▶ **Source data**:
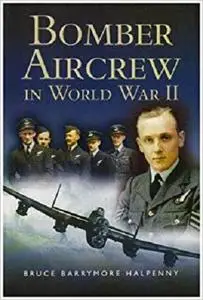 Bomber Aircrew of World War II: True Stories of Frontline Air Combat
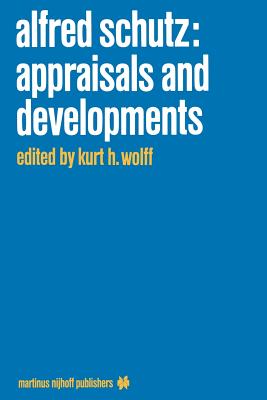 Alfred Schutz: Appraisals and Developments - Wolff, K H (Editor)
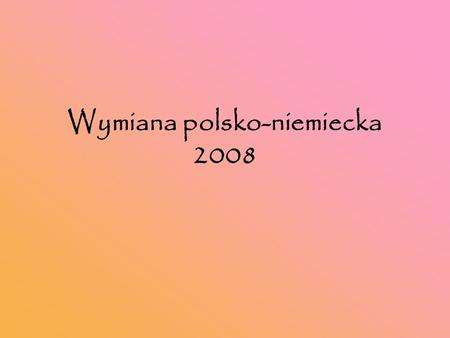 Wymiana polsko-niemiecka 2008. Dzień pierwszy 24.02.2008 Nasi niemieccy koledzy szczęśliwie przyjechali do Poznania Po rozpakowaniu się rozpoczęliśmy.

▶ **Work to complete**:
Print the listing exactly, minus any pictures.

▶ **Solution below**:
 Bomber Aircrew of World War II: True Stories of Frontline Air Combat
 Alfred Schutz: Appraisals and Developments - Wolff, K H (Editor)
 Wymiana polsko-niemiecka 2008. Dzień pierwszy 24.02.2008 Nasi niemieccy koledzy szczęśliwie przyjechali do Poznania Po rozpakowaniu się rozpoczęliśmy.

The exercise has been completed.